The sugar moiety of DNA is one of the most flexible
and dynamic parts of the molecule. Fig. 2 shows
structures of the common sugar conformations that are
found in the various forms of DNA. The sugar ring is easy
to envision if one thinks of an envelope. In the envelope
form, the four carbons form a plane at the corners of the
body of the envelope. The oxygen is at the position
representing the top of the envelope flap. The oxygen
can be bent out of the plane of the body of the envelope
twisting the C2’ and C3’ carbons relative to the other
atoms, resulting in various twist forms of the sugar ring.
To form the C2’endo form of the ribose sugar, C2’ twists
up from the plane of the four carbons. To form the C3’

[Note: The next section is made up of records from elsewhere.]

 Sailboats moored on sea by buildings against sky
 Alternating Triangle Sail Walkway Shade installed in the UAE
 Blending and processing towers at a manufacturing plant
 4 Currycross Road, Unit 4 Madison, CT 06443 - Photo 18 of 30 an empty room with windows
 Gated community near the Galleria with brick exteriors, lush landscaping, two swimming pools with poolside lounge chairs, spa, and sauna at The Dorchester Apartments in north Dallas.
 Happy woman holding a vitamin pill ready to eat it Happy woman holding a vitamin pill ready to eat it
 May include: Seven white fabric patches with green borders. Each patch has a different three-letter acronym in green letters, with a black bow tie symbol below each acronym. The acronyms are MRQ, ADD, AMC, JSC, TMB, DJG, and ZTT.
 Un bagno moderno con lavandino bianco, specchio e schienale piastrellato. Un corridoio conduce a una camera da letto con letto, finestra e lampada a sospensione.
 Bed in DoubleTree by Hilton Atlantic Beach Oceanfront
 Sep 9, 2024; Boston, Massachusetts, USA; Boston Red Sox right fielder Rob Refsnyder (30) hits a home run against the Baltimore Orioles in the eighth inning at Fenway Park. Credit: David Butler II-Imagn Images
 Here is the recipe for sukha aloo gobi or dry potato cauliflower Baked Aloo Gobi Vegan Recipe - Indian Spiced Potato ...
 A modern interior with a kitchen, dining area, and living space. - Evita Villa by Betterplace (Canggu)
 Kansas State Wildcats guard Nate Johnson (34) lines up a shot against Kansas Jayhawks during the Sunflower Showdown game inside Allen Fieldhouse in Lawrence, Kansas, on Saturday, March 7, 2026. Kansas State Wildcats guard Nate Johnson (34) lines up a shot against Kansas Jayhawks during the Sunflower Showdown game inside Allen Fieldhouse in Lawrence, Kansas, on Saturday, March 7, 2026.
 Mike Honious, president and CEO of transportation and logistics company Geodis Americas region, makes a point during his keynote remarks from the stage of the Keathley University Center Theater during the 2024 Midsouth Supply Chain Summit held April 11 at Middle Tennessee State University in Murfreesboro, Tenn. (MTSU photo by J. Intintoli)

endo, C3’ twists down out of the plane of the four
carbons.
B.
Organic base
The organic bases found in nucleic acids are
heterocyclic compounds containing nitrogen in their
rings; hence they are called nitrogenous bases. The
bases found in nucleotides are substituted pyrimidines
and purines. Unsubstituted pyrimidines and purines are
not found in biological systems, but a number of
substituted derivatives are present, which are classified
as pyrimidines or purines, depending on the parent
molecule from which they are derived.
a.
Pyrimidine bases:
Pyrimidine bases consist of a six membered
pyrimidine ring, which is similar to the benzene ring
except that it contains nitrogen in place of carbon at
positions 1 and 3 (Fig. 3). Therefore, pyrimidines contain
four carbons and two nitrogen atoms. The carbons and
nitrogens of the purine rings are numbered 1 to 9.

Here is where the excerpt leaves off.